There's been a lot of talk about what this economy means for entrepreneurs here in the Valley and throughout the world. Let me start by saying that it doesn't bother me at all. In fact, I embrace it!
For all of you young entrepreneurs who weren't with us during the dotcom bust of the early millenium, you may be a bit apprehensive about what we're in for. But I say, fear not. For two main reasons. The first is short term while the second is a bit longer term.
In the short term... meaning throughout the end of this year, there's lots of money still being spent in the valley. Last year was another banner year for VC funds. In fact, the first two quarters of '08 already have outpaced '07 (see image above) from a money raising perspective. While that trend certainly won't continue through this quarter and next (and beyond), that money still needs to be spent. After all, it's not going to do those VC's any good to sit on all of it.
In the long term - there are quite a few more reasons why this is good for us.
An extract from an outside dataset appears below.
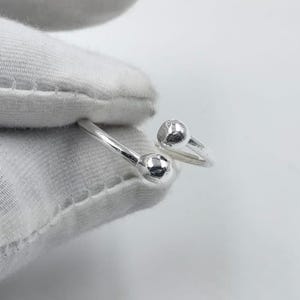Könnte beinhalten: Ein silberfarbener offener Ring mit einem Bypass-Design und zwei polierten kugelförmigen Enden. Das Band ist glatt und metallisch und weist eine reflektierende Oberfläche auf, die das Licht einfängt. Der Ring wird von einer weißen Stoffoberfläche gehalten.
Ever since following the companies who pulled through the last downturn and also educating myself with some great articles I saw over the last half year (Inc. magazine for one, here), I've realized that one of the most promising times to start a new venture can be during a downturn. Why?
1) First of all, you can kiss some competition goodbye. In a tight market you'll see less people willing to take a risk, leave their comfortable job, and jump into the uncertainties of starting a company. And you'll see more people who were half assing a startup or doing it as a part time endeavor, just give up. So, very happily, I'm hoping we see less of those "twitter for basketball" companies throw a website up and get funding. It's natural selection. And I like it.
2) With less competition, hiring good people will be that much easier. Less opportunities for those brilliant people out there. And you should always be looking for brilliant people. People better than you. What HR department wouldn't embrace a time like this? That is, as long as they're not downsizing. And if you're a well run startup. Or an early stage one, you shouldn't have enough employees to even think about downsizing.
3) The companies who have already raised and spent their money will find it harder to raise and spend more if they're not proving their worth. So if you're one of those companies - well, it's time to get your act together.
4) Getting funded on an idea and some users won't cut it anymore. If web 1.0 was about eyeballs, web 2.0 is certainly about users. Up until recently (and probably still), if you had users, you were getting money. I think we're going to see that angle dry up. Now it's going to be about a business model. About sustainability. And about making money or the potential to make money.
5) You learn to be frugal. This is a great learning experience because you value the money that people give you to build a successful business. No wasted money on employees you don't need, PR you don't need, office space you don't need, and t-shirts you don't need. You make things work and pour more time and energy into becoming successful. You're more calculated and focused. You do things for a reason. It's the way a business should be built - the good old fashioned way.
6) I've always thought that regardless of the economy, if you have a good business, you'll get your money. If you're providing a tangible value to people and you have a way to generate revenue from that, you'll be able to leverage that into funding.
So maybe you work a little harder, eat a little less, and sleep fewer hours. But if you're passionate about your idea, don't let a hiccup (or a total choke) in the economy get you down. There are plenty of history lessons about companies flying high through a recession. And there's no reason you can't be one of them.